[[ Raw data open ]]
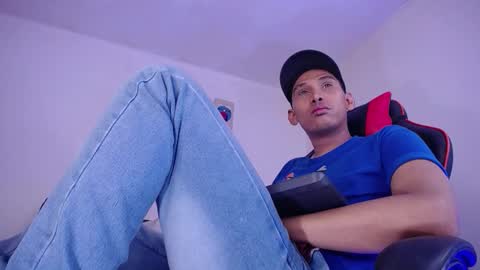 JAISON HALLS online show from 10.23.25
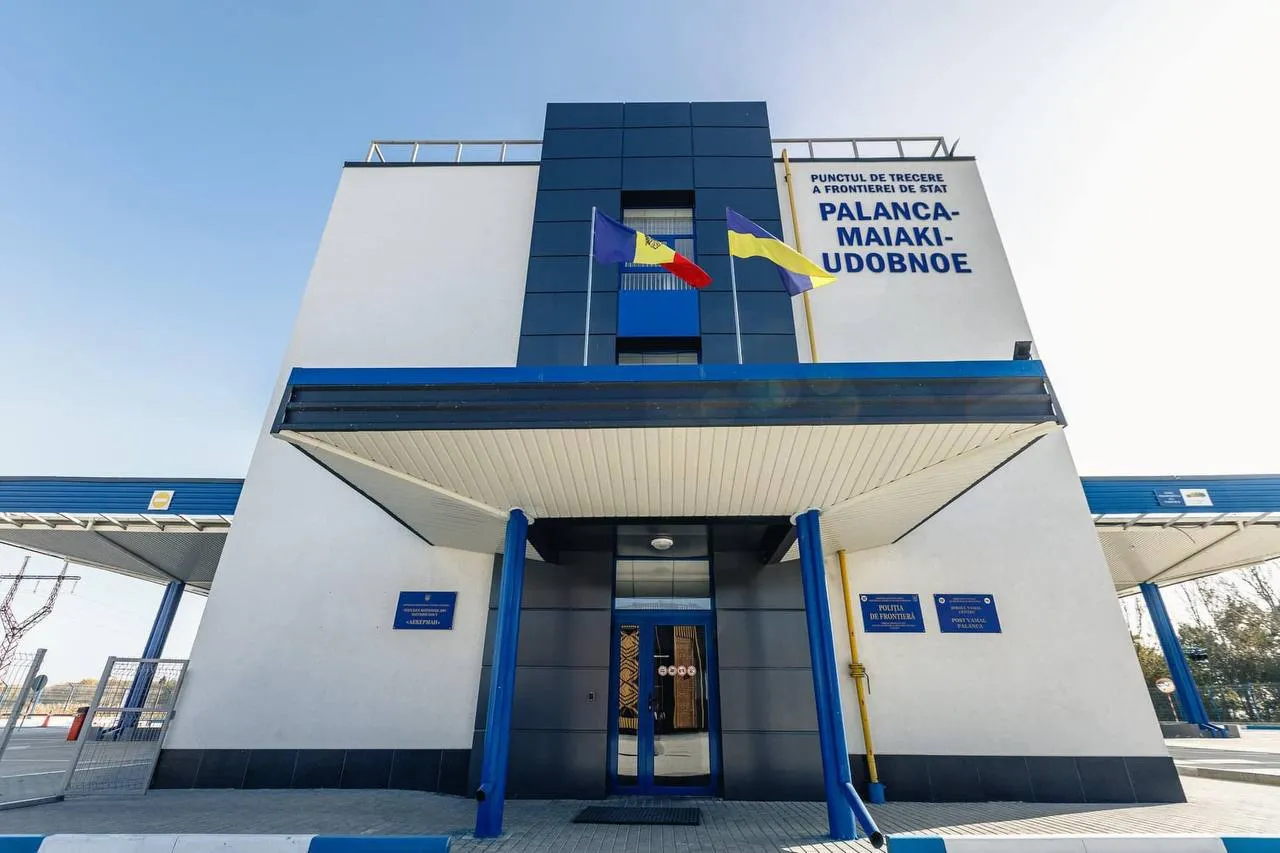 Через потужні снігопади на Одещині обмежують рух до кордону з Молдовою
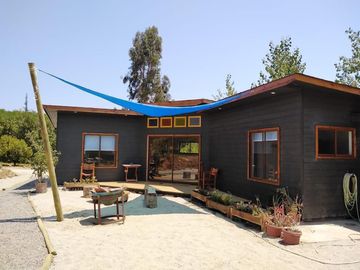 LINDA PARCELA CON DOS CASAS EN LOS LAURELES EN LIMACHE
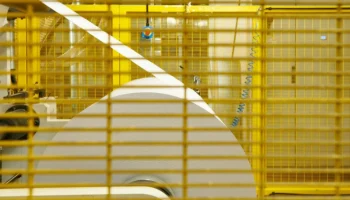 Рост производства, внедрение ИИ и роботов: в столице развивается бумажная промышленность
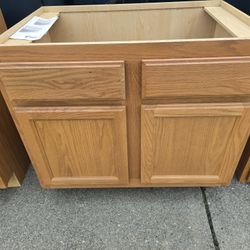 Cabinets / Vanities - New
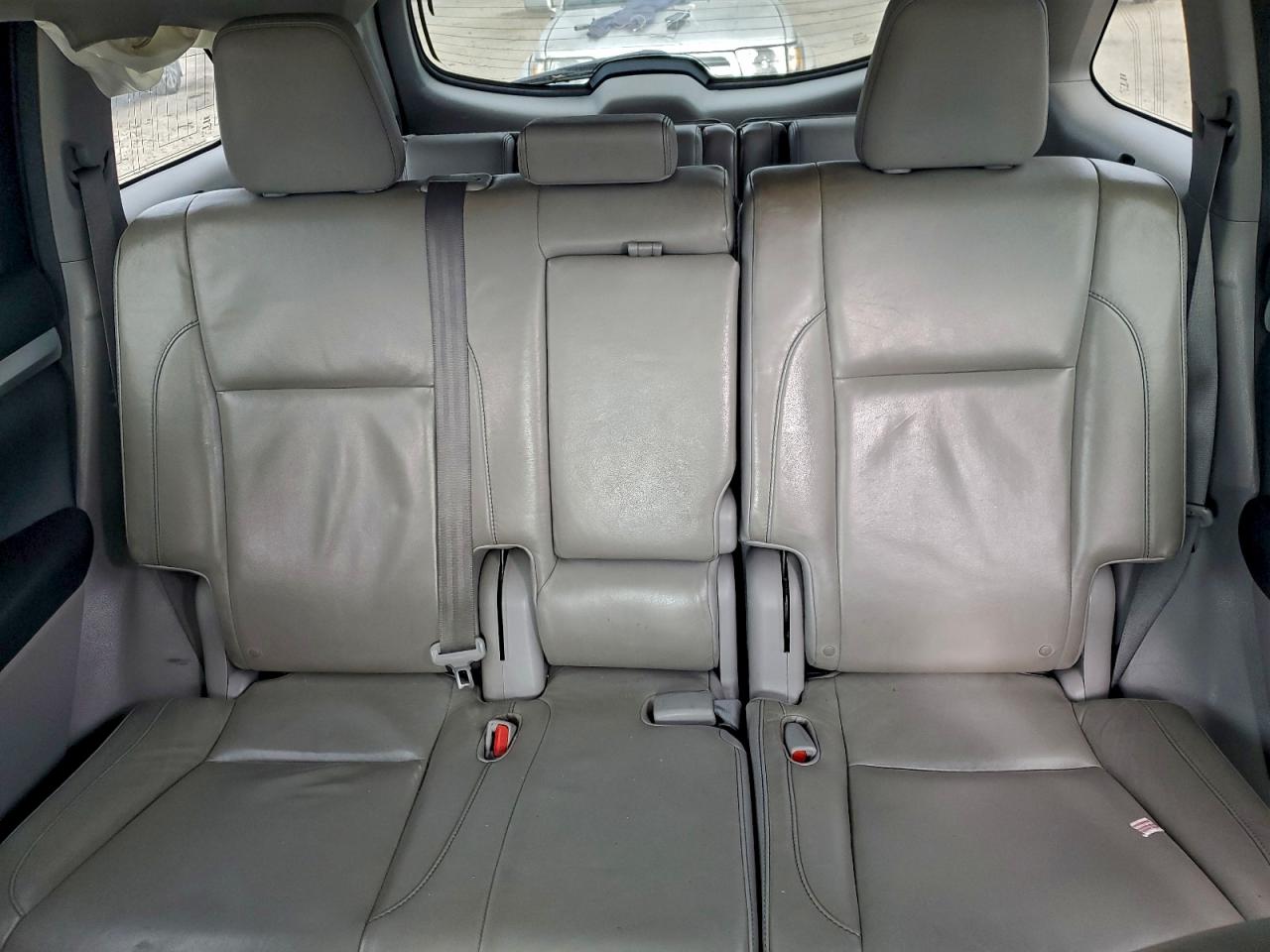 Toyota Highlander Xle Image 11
[[ Raw data closed ]]
_The problem_
Copy nothing but the lines above from the one with "Cabinets / Vanities - New" through the end of the material, word for word, and drop the pictures.

_Completed task_
 Cabinets / Vanities - New
 Toyota Highlander Xle Image 11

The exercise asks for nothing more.